Long live amar and his untarnishing smile


Unknown said...

Nice interview. Thoughts well expressed. I too can relate to this dialogue.

aagaman said...

Interesting conversation with an avid reader

Arijit said...

Nice interview and great to see the recommendations for reading. Thanks Amar and Hari

Narayana Pillai said...

Expressed very well
keep writing

Satish gudipati said...

Wow Hari, cool good insights from your interview with Amar. I really got to k more of both of you. I know amar since 1986 and he has been a voracious reader. The 50 notout he had gifted to my son. Your two books and the movie golconda high school hv been awesome. Am an ardent music lover apart fm selective book reader n with you me n Amar a session of music at amar's pensive will be great :)

Harimohan said...

Fully agree with you about Amar and his smile Ravi. (The smile is on display in the pics.) So glad you shared your thoughts.

Harimohan said...

Dear Unknown, thanks. So glad that you could relate to the dialogue. Appreciate your effort to write in.

Harimohan said...

Dear Aagaman, thank you for sharing. :)

Harimohan said...

Dear Arijit, Thanks. Very interesting book recommendations indeed - looks like I might have to do a separate one for business and non-fiction books with Amar because I know he has a huge collection of those too.

Harimohan said...

Thanks Narayana Pillai.

Harimohan said...

Hi Satish, thanks so much for your kind words about my books and the film. I hope your son enjoyed reading 50 Not Out. Yes, we definitely should get together for a musical evening at the Pensieve. Looking forward to it.

Mehernosh Bazun Dittia said...

A lovely insight into Amar the reader,the kind who given a chance will eat books and not food and enjoy his life there on.Amar and I go back to school days and reconnected after a gap of 25 years perhaps.Since we both belong to the same domain of people development and training I had the first had experience of seeing the plethora of knowledge that my dear friend has. A walking talking library if I may say so...wish him all the very best and look forward to see his own book someday. warm regards Mehernosh Bazun Dittia

Dipanjan said...

Nice book list. Thanks Amar.

Govind said...

I had the pleasure of interacting with Amar sir and Hari sir during my previous stint at an organisation.The workshops they conducted were practical and helped us understand the importance of teamwork, communication, project management etc.

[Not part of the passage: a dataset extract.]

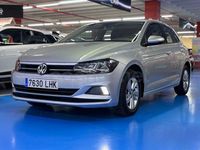 Usado VW Polo Edition 80 CV (58 kW) 2020 Gris / plata Utilitario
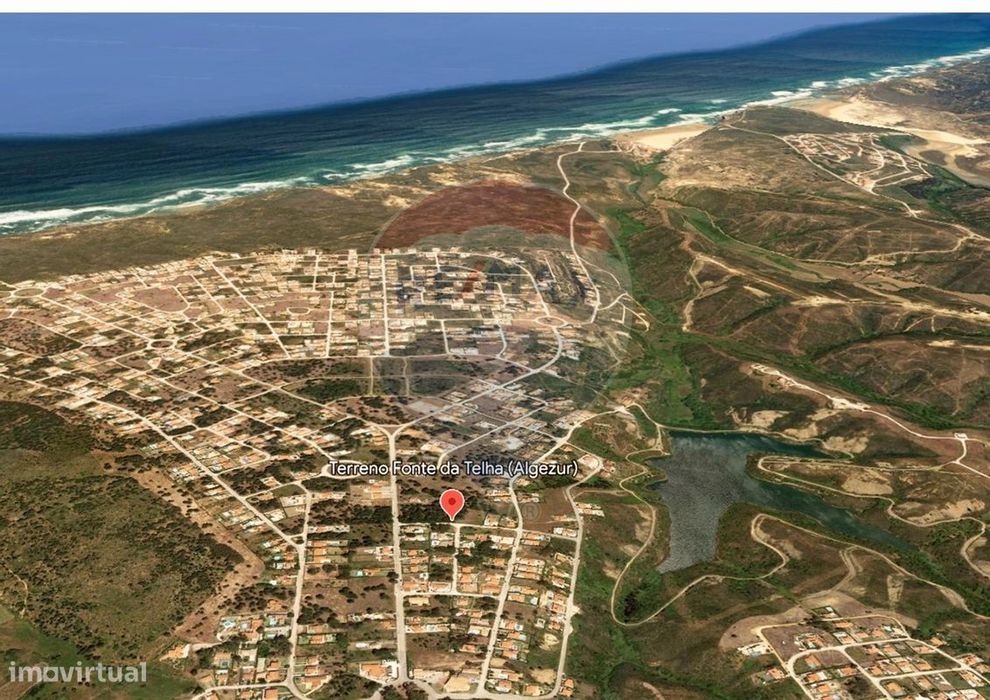 Terreno  para venda — Aljezur, Faro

This interview throws light on the impact books can have in developing one's personality,character and we are fortunate to have these two on the same platform exchanging their valuable thoughts.

Azfar said...

Thanks Hari for an excellent interview with Amar. He's always been a very well read person, and though I've know him for a while, I was still surprised by the variety of genres represented in his top 25 list of books. I guess it reflects his open minded approach to most things in life. The interview has also inspired me to read your books, which Amar has always spoken off very highly.

Harimohan said...

Thanks Mehernosh. I think so too. :)

Harimohan said...

I agree Dipanjan. Thanks for writing in. :)

Harimohan said...

Thanks Govind. We really enjoyed those sessions and I am glad they helped. :)

Harimohan said...

Thanks for your kind words Azfar. Amar's bookshelf was always a treat to just watch whenever I visited him. Hope you enjoy reading my books. :)

Challa Kodandaram said...

excellent interview and blog dipicting Amar making him'AMAR'. Amar is very affable, erudite and down to earthh. Never regretted knowing him and interacting. I wish you all the best.